EXERCISE INSTRUCTIONS = Copy each line below exactly and leave the pictures out.

DATA SECTION =
###

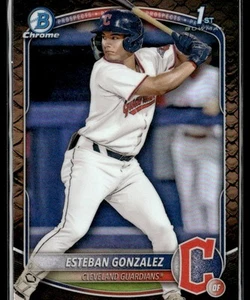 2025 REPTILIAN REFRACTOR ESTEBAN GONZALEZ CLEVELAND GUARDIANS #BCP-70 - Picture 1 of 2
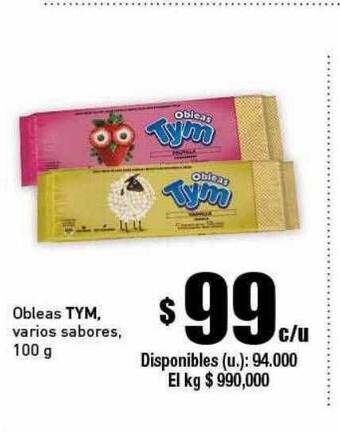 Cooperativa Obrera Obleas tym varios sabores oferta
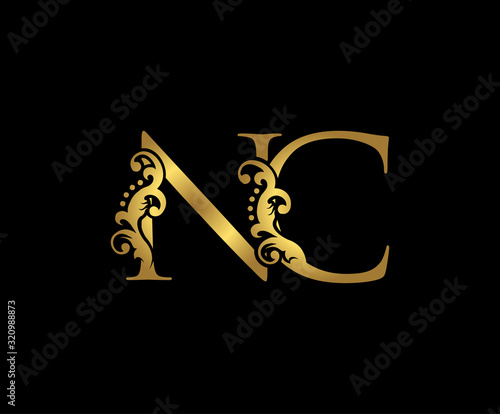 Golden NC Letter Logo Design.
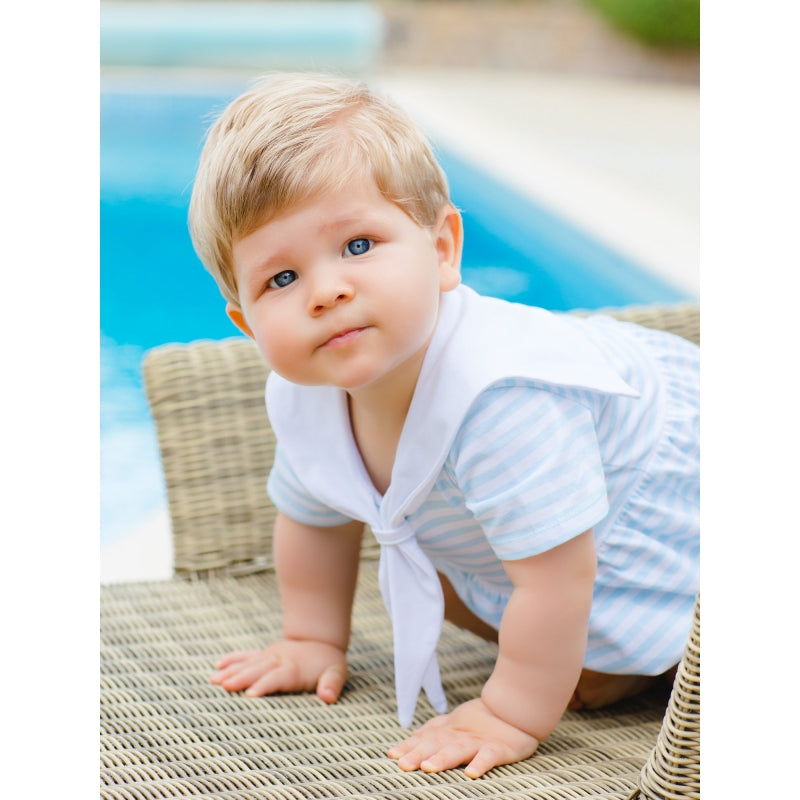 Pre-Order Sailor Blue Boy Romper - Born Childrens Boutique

###

EXERCISE RESULT =
 2025 REPTILIAN REFRACTOR ESTEBAN GONZALEZ CLEVELAND GUARDIANS #BCP-70 - Picture 1 of 2
 Cooperativa Obrera Obleas tym varios sabores oferta
 Golden NC Letter Logo Design.
 Pre-Order Sailor Blue Boy Romper - Born Childrens Boutique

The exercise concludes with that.